Dining Out: Gustazo Cuban in Cambridge
A suburban Cuban restaurant exports a bigger, boozier location to Cambridge—but can it survive in the concrete jungle?
Once upon a time, the regional pecking order of dining was clear: The city excelled at restaurants offering high-quality food with a sense of authenticity. The suburbs, meanwhile, specialized in bland chain restaurants—but hey, at least there was ample parking. Any cross-pollination, if it occurred, typically ran outbound, with particularly successful downtown venues opening satellite outlets in tony shopping destinations like, say, Natick and Chestnut Hill.
That was then. Now we have restaurateurs doing exactly the opposite, leveraging their suburban success into urban concepts. Look at Nancy Batista-Caswell, who ran Newburyport favorites Brine and Ceia before launching Oak + Rowan in Fort Point, and Kristin Canty, who will bring a second location of Woods Hill Table, her well-regarded Concord farm-to-fork, to the Seaport later this year. And then there’s Patricia Estorino and Adolfo de la Vega, who debuted their acclaimed Cuban restaurant, Gustazo, in Belmont, moved it to Waltham, and recently opened a second location near Porter Square in Cambridge.

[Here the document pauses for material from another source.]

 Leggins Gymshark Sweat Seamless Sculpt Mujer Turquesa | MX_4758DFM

Of course, you have to bring your A-game when you head to the big city, and Gustazo’s owners certainly have. They started by upgrading the space: Larger than the Waltham location, the 260-seat Cambridge restaurant still feels cozy thanks to dark wood and wrought-iron fixtures, verdant plants, and walls covered in arthouse movie posters. A glowing wall sculpture of flattened Cuban rum bottles, shaped like the island, serves as a visual centerpiece, part of a look that nods to Havana cool without resorting to clichés. It’s a chic spot seemingly designed for rum-sipping: In addition to a downstairs lounge, half of the main floor is taken up by high-top tables and a nine-seat bar featuring some of the most interesting cocktails (all $13) to debut around here in some time.

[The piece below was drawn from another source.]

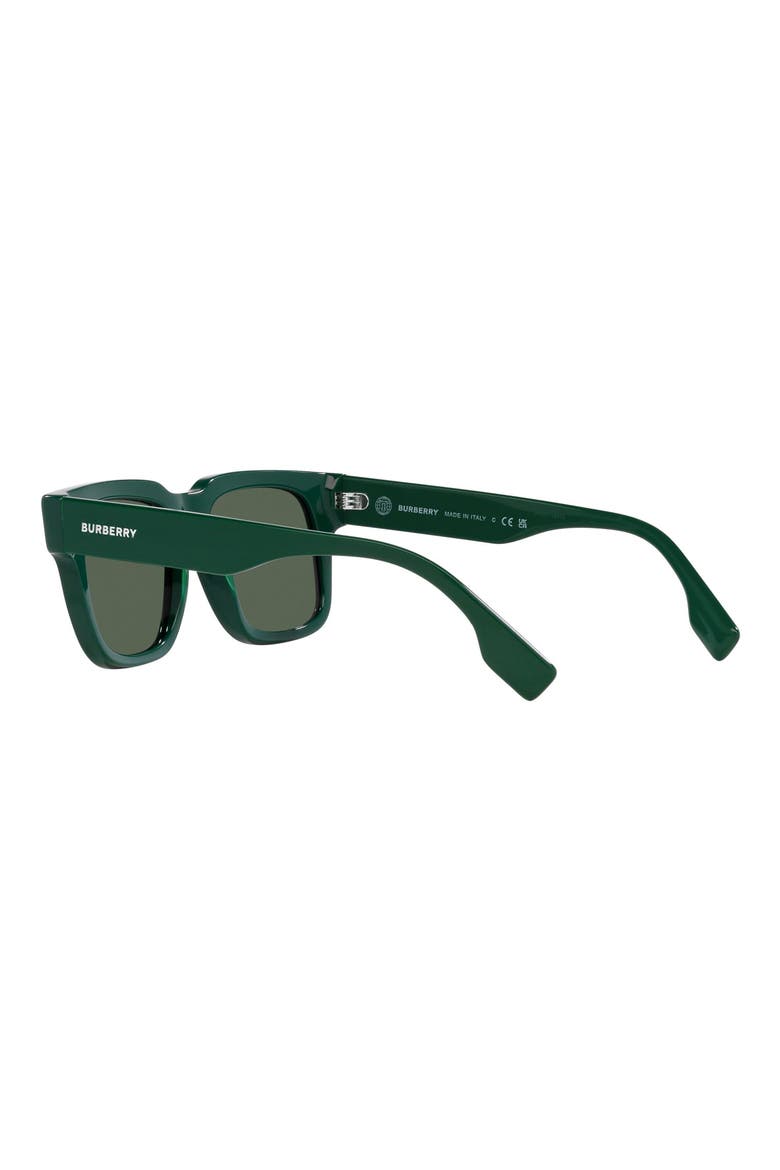 Hayden 54mm Rectangular Sunglasses, Alternate, color, GREEN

For that, credit Sam Treadway, co-owner of Somerville’s acclaimed Backbar. Cuba’s cocktail canon is uniquely rich, owing in part to its Prohibition-era role as the Western Hemisphere’s preeminent pleasure paradise, and Treadway’s menu offers up excellent renditions of classics like the Hemingway daiquiri and El Presidente. Equally enjoyable are original musings such as the Lost Island, a concoction of fino sherry, white rum, pineapple, orgeat, and green Chartreuse that’s elegantly garnished with a pineapple leaf frozen inside an ice cube. Though it sounds tiki-inspired, the drink retains the drier profile that distinguishes many Cuban cocktails from their Pacific cousins.
History makes its mark in the food as well. Cuba was one of Spain’s first colonies in the Americas, and its cuisine bears a heavy Iberian imprint, as does Gustazo’s tapas-oriented menu. While Caribbean ingredients such as plantains and pineapples abound, the overall flavor profile is richly spiced (if short on heat). Many dishes—like a salad of garbanzo beans, arugula, tomatoes, and feta in a minty mojito vinaigrette dressing ($10), and roasted cauliflower paired with a lightly creamy manchego sauce ($11)—wouldn’t feel out of place on a Spanish menu.
There are pleasant surprises, too, such as Cuban-style squash fritters ($9)—their taste reminiscent of an old-fashioned doughnut—served over charred broccolini and under a topping of microgreens and pepitas, accompanied by citrusy goat-cheese mousse. Admittedly, some of the more-inventive riffs didn’t work: Avocado “toast-tones” ($9) sounded like a good idea, swapping toasted bread for smashed plantain fritters, a Cuban comfort-food classic. But the precarious piling of avocado and grape tomatoes was bland, and the overabundance of pepitas and other seeds left our table covered in enough stray seeds to feed a flock of pigeons.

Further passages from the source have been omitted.